Stepping back and looking at the “big picture” is a common technique for trying to distance yourself from one’s obsession with whatever is in front of them, and to re-prioritise toward what is really important. For this purpose it is very useful; but as a general attitude for learning I find it almost as harmful as Fitzgerald’s suggestion.
The main obstacle to long-term learning, in my experience, is almost never time or “wasting” it on learning the wrong thing. Instead, it is ambition and interest. This may very well be a natural instinct guarding against what Nanda warns about — I usually have no interest in learning about something that is not useful3.
Just as it is problematic to try and avoid merely getting “Wikipedia-depth [knowledge] of each topic”, it is equally problematic to aim for it. Learning should be an intuitive process that we are prompted to naturally, and trying to “choose” what to learn strategically will almost always be a mistake. What (and when) will be useful is almost impossible to predict in my experience. One will always encounter newfound situations where one’s knowledge of an obscure topic will become relevant.
That learning should be fluid and intuitive does not however mean the rejection of structured, deliberate practice. Techniques like spaced repetition can significantly speed up long-term memorization and do not need to be discarded. But what you choose to learn through such things does not have to be equally rigid. Perhaps this is what modern schooling gets wrong? It sees that intensive, rigid learning works, but wrongfully applies that to the curriculum. Just because the metaphors (fluid vs structured) are antipodes does not need to mean the same in practice.
There are of course certain situations that in microcosm appear worth focusing on. If you are a material sciences researcher, it might be more important to read up on crystal structures than to study the work of Shakespeare. But this is a consequence of our society’s technical view; a material science researcher should only be focusing on material science — everything else is unnecessary. But in reality humans are multifaceted individuals who not only may be interested in multiple things, but they also interact with other people interested completely different things. Having a broad base of knowledge, or an unnecessarily deep knowledge of something niche, allows us to see new perspectives, but they also deepen human connection and makes us able to empathize with others.
Footnotes:
Or “frameworks”, ugh.
Both the Pareto principle and Nanda’s rule are observations of power laws, and are therefore roughly the same. The difference is merely in their application, and so there is some merit to using the same name. Nanda uses the word “Pareto principle” in wasted motion, but the original principle is about land ownership, not labour.
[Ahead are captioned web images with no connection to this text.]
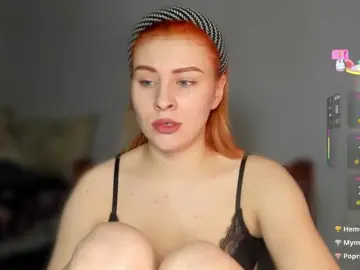 Bongacams Sex Chat of virgokristy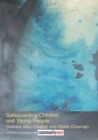 Safeguarding Children and Young People - eBook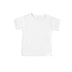 Rustic United R3001T Toddler T-shirt - DTF Dallas 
I remember having to perform derivations “by hand” for different functions, or combinations of functions, in high school. This was of course interesting, and interesting to have been taught, but it is not something that I retain for very long once I learned to the much simpler rules for different function categories. Similarly I have no interest in memorising digits of \(\pi\) or \(e\) because I do not see the practical application in it.